We compete in the market

We cooperate in working with government


In 2018, we were companies minding our own business, competing with each other and responding to market demand. We made mobile homes (dwellings, storage units, work places, etc) in an industry where a number of companies offer similar prefabricated living and/or work spaces that remain on road-worthy wheels and axles. We relied on Section 8 of the Building Act, common law, court decisions (especially Thames-Coromandel v Te Puru) and MBIE determinations that clarified the boundary conditions.

This year, 2020, these companies are under threat by MBIE, MFE and NZTA radically changing the rules; threatening the very viability of our industry. They call it “slightly turning the dial”, but for our industry and the lower end of the socio-economic scale, this ministry-driven policy change has very real, very damaging and very immediate effects.

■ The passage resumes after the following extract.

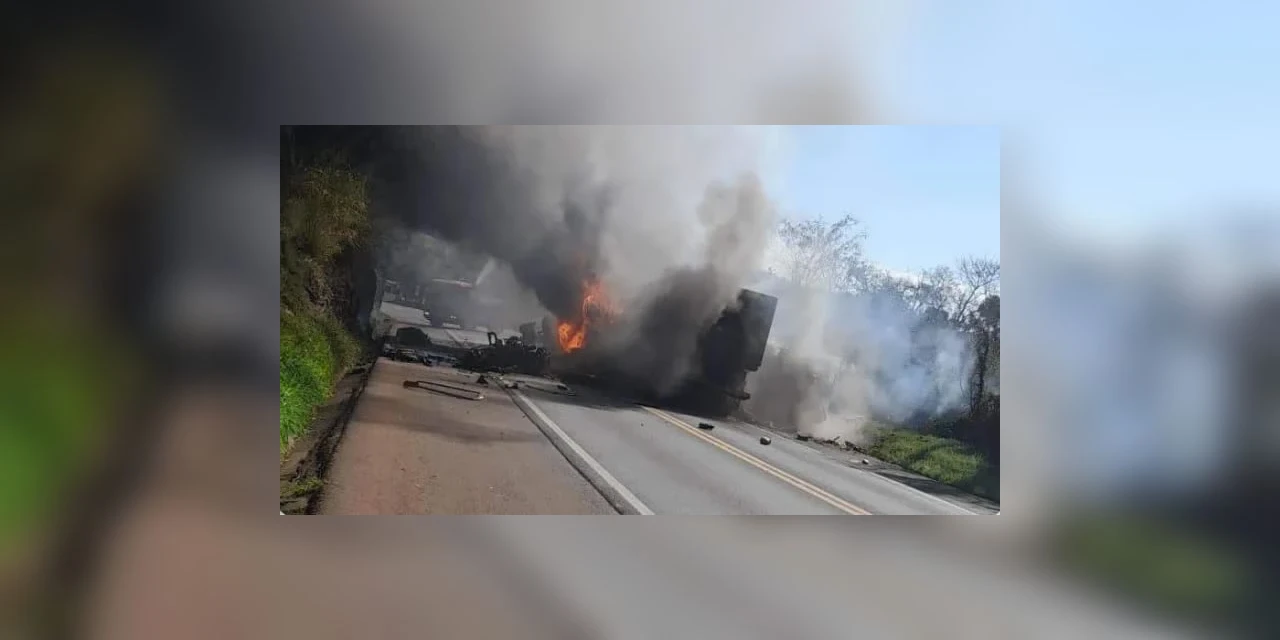 Colisão frontal entre dois caminhões seguido de incendio deixa duas vitimas fatais em Cantagalo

In response these competitors are reaching out to each other to find a single voice to put forth a set of standards appropriate for our industry that will serve our customers – many of whom are New Zealand’s most vulnerable.

We invite you to join us and to support our effort. To be clear, we have no political, ideological or religious affiliation or identity. We just want to mind our own business, which should be making mobile homes. But it has become an exercise in petitioning government to understand the adverse effects of its “dial-turning”, and to turn back the dial so we can get back to work.

We are part of the solution. We can fix it.